Oberon encontrou-a determinando às fadas o que deviam fazer enquanto ela dormia.
  — Algumas dizia Sua Majestade matarão os vermes nos botões de rosa, outras caçarão morcegos, para de suas asas fabricarmos os casaquinhos de meus pequenos duendes, outras manterão longe de mim a coruja barulhenta, que pia durante toda a noite. Mas, vamos, cantem primeiro, para me fazer dormir.

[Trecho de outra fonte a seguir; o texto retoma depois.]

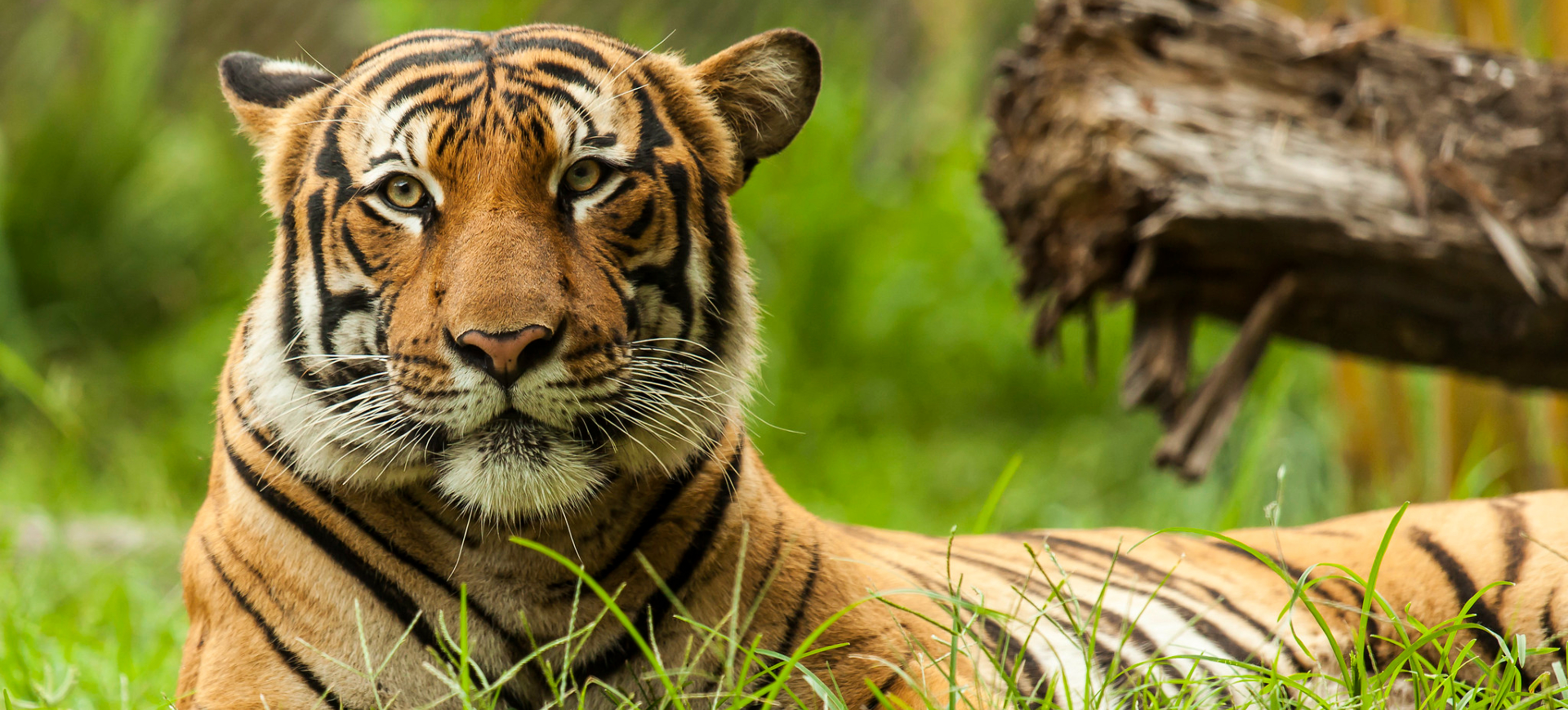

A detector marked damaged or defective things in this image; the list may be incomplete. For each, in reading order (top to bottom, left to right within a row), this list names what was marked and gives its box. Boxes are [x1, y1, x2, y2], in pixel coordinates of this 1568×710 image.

splintered wood [984, 0, 1568, 479]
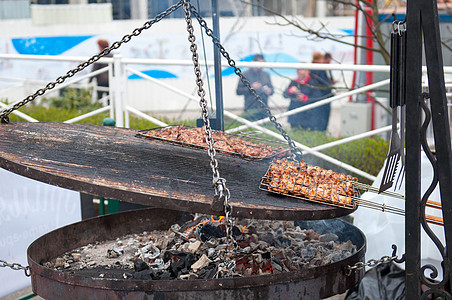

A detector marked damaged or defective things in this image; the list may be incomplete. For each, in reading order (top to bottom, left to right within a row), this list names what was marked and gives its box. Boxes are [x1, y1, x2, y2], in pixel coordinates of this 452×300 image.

rust on metal [0, 122, 354, 220]
charred wood edge [418, 94, 450, 292]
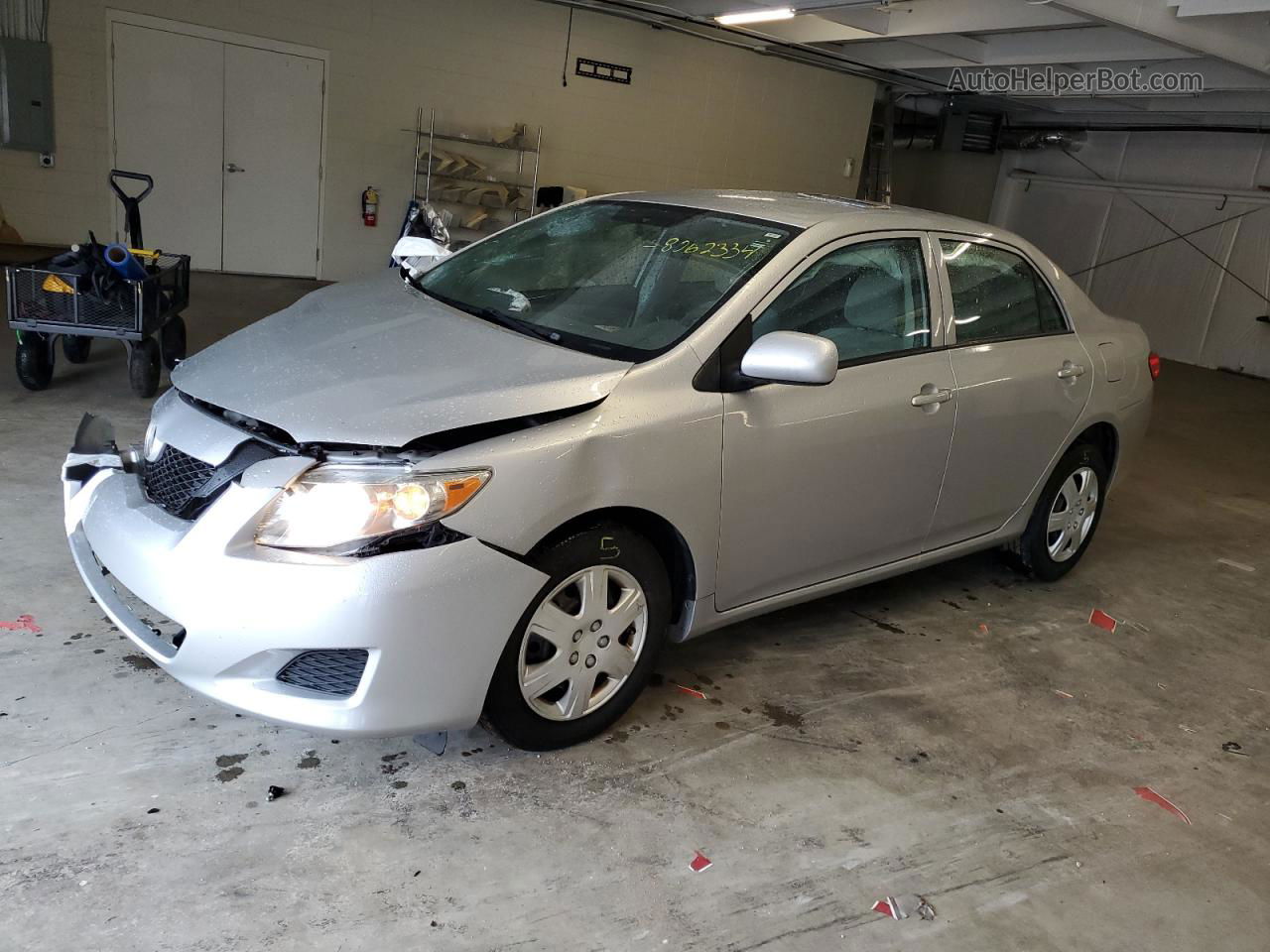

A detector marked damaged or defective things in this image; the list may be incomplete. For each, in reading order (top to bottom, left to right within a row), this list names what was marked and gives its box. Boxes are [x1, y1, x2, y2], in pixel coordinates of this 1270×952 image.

cracked hood [171, 270, 631, 444]
detached front bumper [61, 413, 548, 734]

  As fadas puseram-se a cantar:
Para longe, ouriços-caixeiros!
Oh! afastem-se serpentes rajadas!
Lagartixas e vermes rasteiros,
Deixem quieta a Rainha das Fadas.
Rouxinol tua doce melodia
Seja para ela acalanto,
Que perto dela não cheguem
Desgraça e maléfico encanto.
Nana, nina, nana
Nana, nina, nana
Boa noite, boa noite
Até que surja o dia!
  Tendo a rainha adormecido depois dessa linda balada, as fadas saíram para cumprir as diversas tarefas que ela lhes havia designado. Oberon aproximou-se então de sua esposa e, caute­losamente, verteu em suas pálpebras algumas gotas do filtro mágico, dizendo:
“O que vires ao despertar,
Sempre haverás de amar.”
  Voltemos, porém, a Hérmia, que naquela noite fugia da casa paterna, a fim de evitar a morte a que estava condenada, pela recusa em casar-se com Demétrio.

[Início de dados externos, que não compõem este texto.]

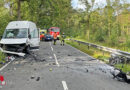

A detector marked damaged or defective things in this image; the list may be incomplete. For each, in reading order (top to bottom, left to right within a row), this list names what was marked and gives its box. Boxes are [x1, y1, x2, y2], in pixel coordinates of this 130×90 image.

wrecked white van [0, 21, 39, 53]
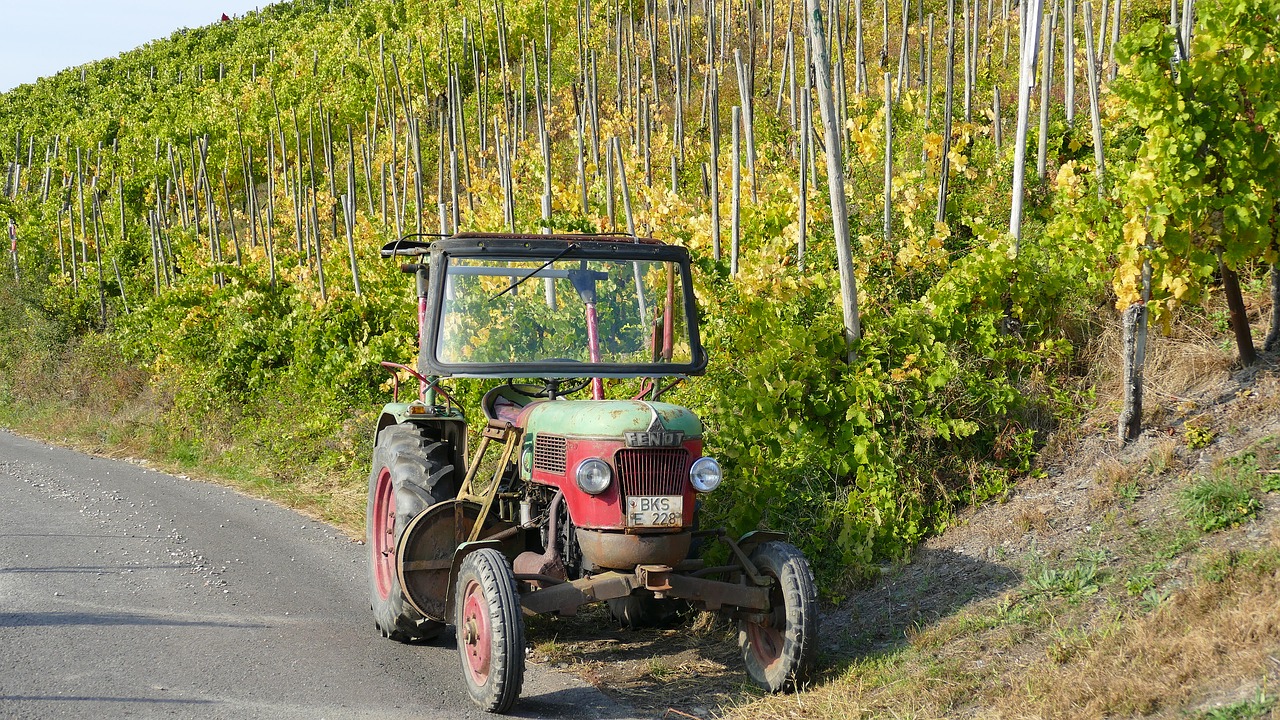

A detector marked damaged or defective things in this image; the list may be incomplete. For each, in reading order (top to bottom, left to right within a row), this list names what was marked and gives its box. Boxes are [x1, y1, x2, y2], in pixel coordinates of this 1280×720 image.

rusty metal surface [399, 497, 519, 620]
rusty metal surface [576, 525, 691, 568]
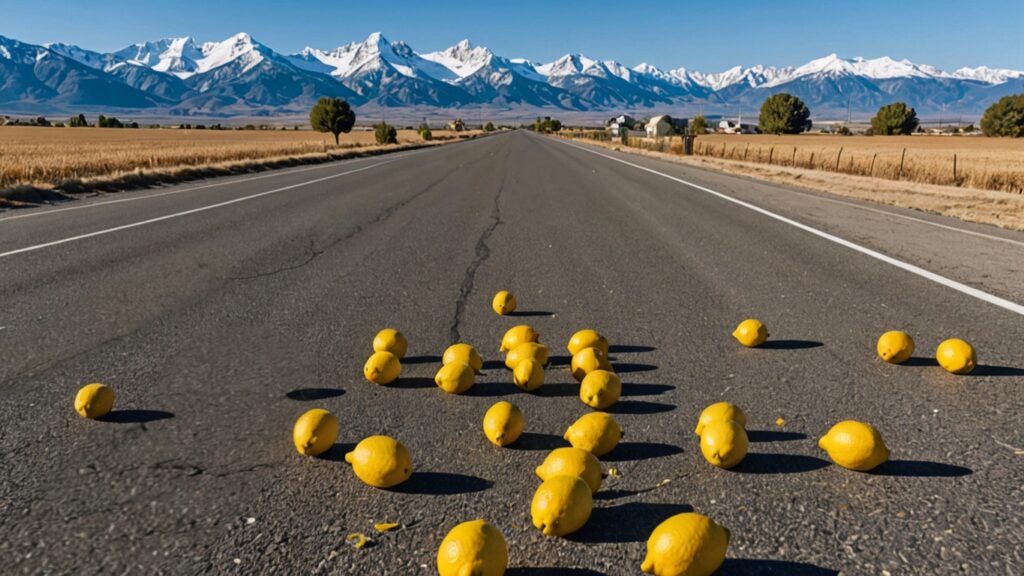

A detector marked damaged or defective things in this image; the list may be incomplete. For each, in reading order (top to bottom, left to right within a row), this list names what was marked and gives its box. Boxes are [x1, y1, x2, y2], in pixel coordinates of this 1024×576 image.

cracked asphalt [0, 132, 1019, 569]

  Quando a moça entrou na floresta, encontrou o amado Lisandro, que a esperava para conduzi-la à casa de sua tia. Antes de terem atravessado metade do bosque, porém, Hérmia estava tão fatigada que Lisandro, muito solícito para com a amada que provara seu amor com risco da própria vida persuadiu-a a repousar até o amanhecer, no macio tapete da relva. Deitou-se ele também, a alguma distância, e em breve adormeceram. Ali foram encontrados pelo geniozinho Puck, que, vendo um belo rapaz adormecido, trajado à moda de Ate­nas, e uma bela jovem que dormia perto dele, pensou tratar-se da jovem ateniense e de seu infiel amado, a quem Oberon lhe ordenara que procurasse. Conjeturou, naturalmente, que como os dois estavam sozinhos, ela seria o primeiro ser avistado por ele, quando acordasse. Assim, sem perda de tempo, colocou so­bre as pálpebras do rapaz um pouco do filtro da florzinha pur­púrea. Aconteceu, porém, que Helena veio a passar por ali, e em vez de Hérmia, foi nela que primeiro pousaram os olhos de Lisandro, ao despertar. E, fato estranho, tão poderoso era o filtro mágico, que o seu amor por Hérmia desapareceu total­mente, e ele se apaixonou por Helena.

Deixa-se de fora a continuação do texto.